Print and Play: Adventure Town, Pt 2

Time for more thinking on our print-and-play game tenatively titled Adventure Town. What I know I have is a game loop. I know what I want the play experience to be for the players.

One player rolls a handful of dice, and the dice are drafted; players convert those dice into currency, either by a direct conversion or using a detail on their board, showing which dice they took and what they used them for. Then, players can spend coin on their turn to build things in the town.

With this simple game loop, we define some boundaries of the game. Let’s go over them in terms of wants:


I want a key player to roll some dice, then I want the dice drafted; the player who rolled them gets the biggest share, then the next player gets fewer, then hopefully the next player gets fewer and fewer and so on. I want this number of dice to be large enough that it’s hard to ‘hate’ draft – if you’re passing five dice, you can’t really rely on taking away the one die someone two seats away might want.

I want players to care about what happens when the dice are rolled, but not stress too much about what other players are doing except in a general sense. I want people to care less about individual short-term actions, and more about what they see their opponents trying to do.

I want players to feel like they’re in charge of something. I see them as representing a group, but also making changes to the town as the game goes on. This could make them big and wealthy landowners, but if they were, why would they be hanging around in podunk nowhere? Seems better to have players represent groups – maybe family businesses, investors, workers, cults and guilds.

I want players to have their own play space, and I want them to have a common board space. I can use the common space to track things that people do to affect everyone – in this case, I want them to play and deal with the idea of the town space to see players marking territory and claiming ground. I don’t want the town board to lock options off from players, though – so I don’t want buildings to be only usable by the people who build on them.

I want the building of a building to be a little bit of an event. I want players to recognise that they’re doing something that’s kind of cool, and maybe get to mark it, or sign it.

I want the game board to change. I don’t want to remove buildings that are already in place, though, because that seems to represent a traumatic destruction of the board. Also, players are mostly interacting with the board with pens or pencils, which don’t show destruction as easily as they do creation. Even a big ole x through a square can be missed by comparison.

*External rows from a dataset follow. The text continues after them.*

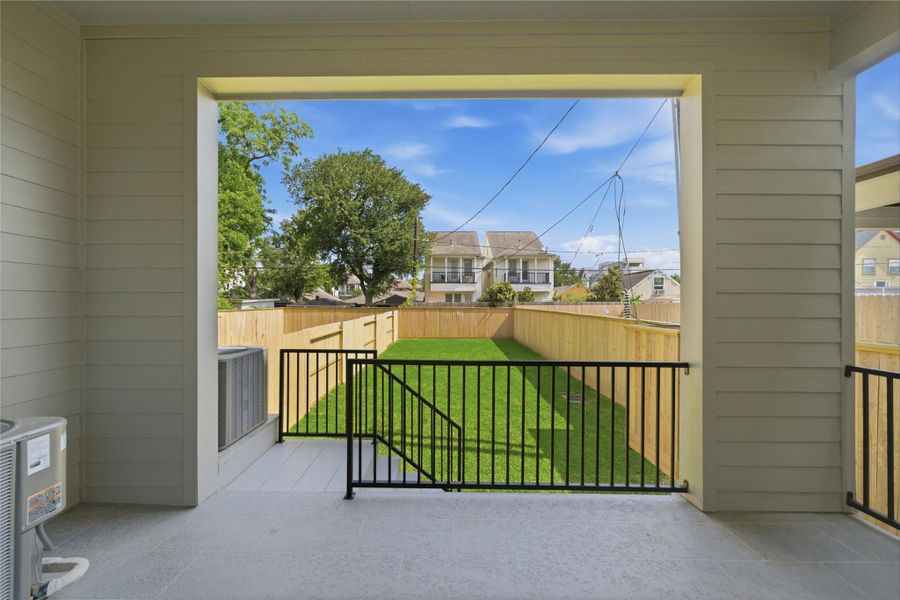 Exterior details and patio area of a home in , Houston (Image 4).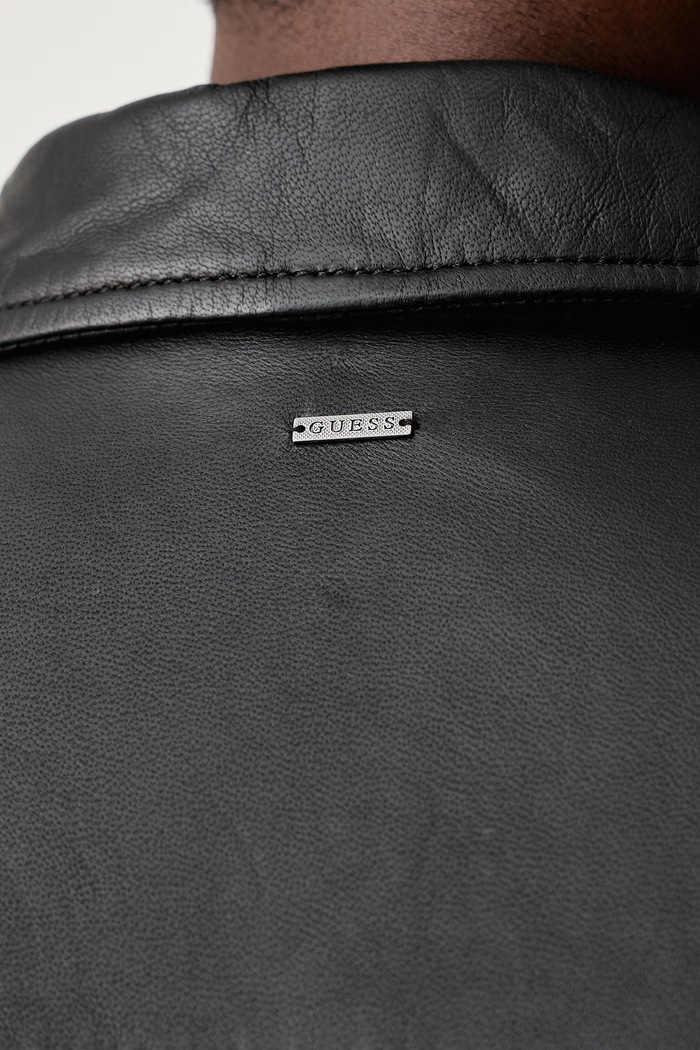 Guess Jakna za muškarce od kože M6BL57.L0159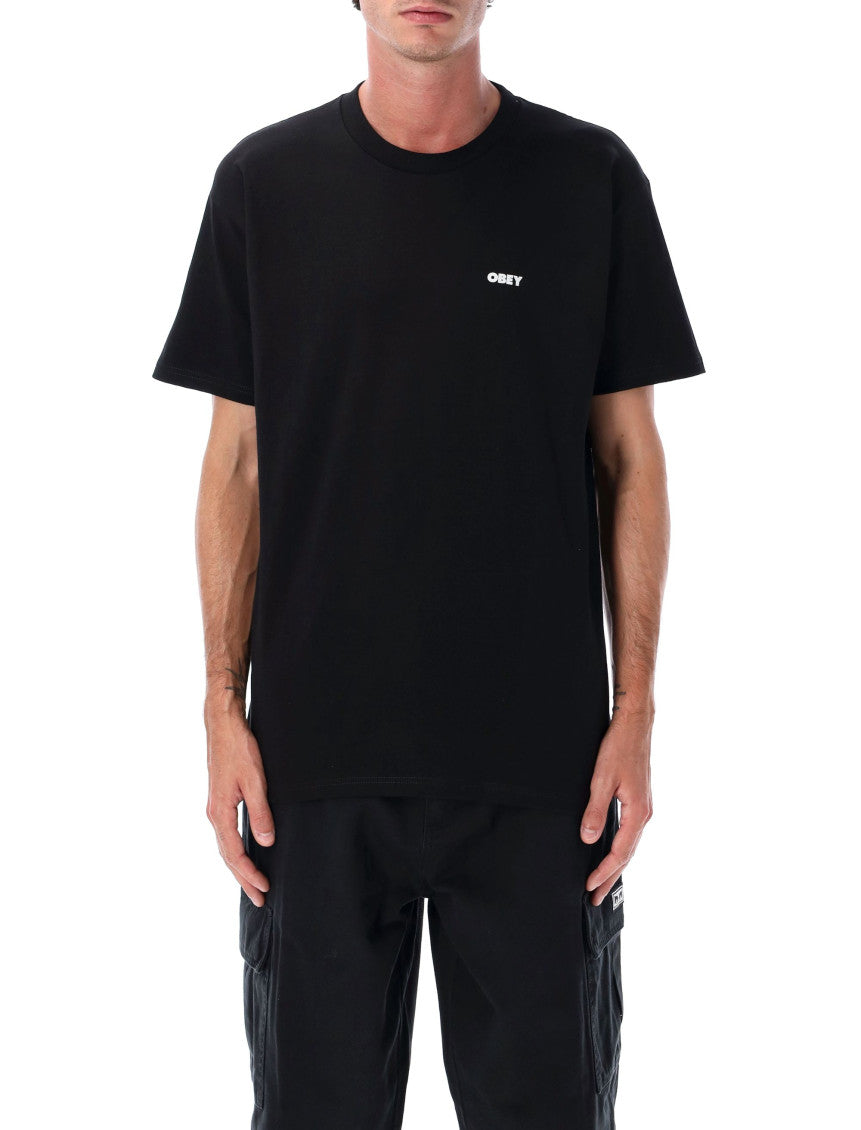 Black Crewneck Graphic Print T-Shirt 1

I want there to be some feeling of procession through time. So with the desire for board change as well, I think I want to create the feeling people are moving through the town.


With these wants in mind, here’s an example of the ‘town’ board I have in mind.

This design means that each turn, from the deck of adventurers, three adventurers arrive, and they trigger things in town. This means each turn cycle has players doing things, building an investment in the town, and then adventurers turn up, and the town does things based on those investments. This could, if I do it right, play out a bit like Machi Koro, except instead of rolled dice, it’s a sequence of adventurers.

Problems with this board off the top of my head:

This might wind up being too tight! I might decide to make the town squares bigger, and not include a space on this board for those cards. I may not need 3 slots, or I may need more than 3 slots. After all, they don’t need to be on the board, and the deck won’t have room to live on the board.

  • The town squares might be too small at a glance.
  • The town squares don’t have to be squares. They could be rectangles, fill out this space in
  • I might have too many town squares. I might want to make it a 9×9 or 4×4 grid, or maybe get a little odder, with some buildings occupying multiple squares, perhaps signifying their importance.
  • I might not want there to be a tree relation between spaces. As it is, I put in the lines to give myself a vague idea of what I was doing, but it’s by no means essential.